▶ _What you have to do_
Lines with the word "Photo" are the ones wanted. Copy each of them from the entries below.

▶ _Extracted information_
....
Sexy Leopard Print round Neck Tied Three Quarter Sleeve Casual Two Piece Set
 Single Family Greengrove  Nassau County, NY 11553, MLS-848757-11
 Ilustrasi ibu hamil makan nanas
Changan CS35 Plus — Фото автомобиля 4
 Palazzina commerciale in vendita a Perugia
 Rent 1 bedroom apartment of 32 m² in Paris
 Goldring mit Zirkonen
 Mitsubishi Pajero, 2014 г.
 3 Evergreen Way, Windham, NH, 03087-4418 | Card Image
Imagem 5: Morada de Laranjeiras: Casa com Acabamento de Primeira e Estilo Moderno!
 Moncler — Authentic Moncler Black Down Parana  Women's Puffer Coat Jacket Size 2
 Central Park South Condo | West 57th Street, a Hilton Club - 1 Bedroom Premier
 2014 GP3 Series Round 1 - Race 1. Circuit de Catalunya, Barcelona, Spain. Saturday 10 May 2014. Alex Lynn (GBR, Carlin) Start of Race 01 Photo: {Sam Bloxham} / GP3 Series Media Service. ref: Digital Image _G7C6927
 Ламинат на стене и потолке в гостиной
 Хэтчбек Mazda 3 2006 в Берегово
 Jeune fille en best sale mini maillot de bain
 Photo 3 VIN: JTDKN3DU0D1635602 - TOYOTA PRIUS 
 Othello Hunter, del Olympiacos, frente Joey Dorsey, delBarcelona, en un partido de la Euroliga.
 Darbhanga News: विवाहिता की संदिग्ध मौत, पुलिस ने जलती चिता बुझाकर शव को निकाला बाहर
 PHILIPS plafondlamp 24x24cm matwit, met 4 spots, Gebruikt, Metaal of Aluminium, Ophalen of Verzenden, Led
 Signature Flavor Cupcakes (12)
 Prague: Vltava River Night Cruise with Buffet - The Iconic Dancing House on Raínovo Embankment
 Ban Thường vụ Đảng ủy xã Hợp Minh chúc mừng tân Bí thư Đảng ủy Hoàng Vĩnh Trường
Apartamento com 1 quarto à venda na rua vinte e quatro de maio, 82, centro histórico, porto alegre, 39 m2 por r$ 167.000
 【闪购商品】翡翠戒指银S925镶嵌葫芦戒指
....
▶ _Response box_
 2014 GP3 Series Round 1 - Race 1. Circuit de Catalunya, Barcelona, Spain. Saturday 10 May 2014. Alex Lynn (GBR, Carlin) Start of Race 01 Photo: {Sam Bloxham} / GP3 Series Media Service. ref: Digital Image _G7C6927
 Photo 3 VIN: JTDKN3DU0D1635602 - TOYOTA PRIUS 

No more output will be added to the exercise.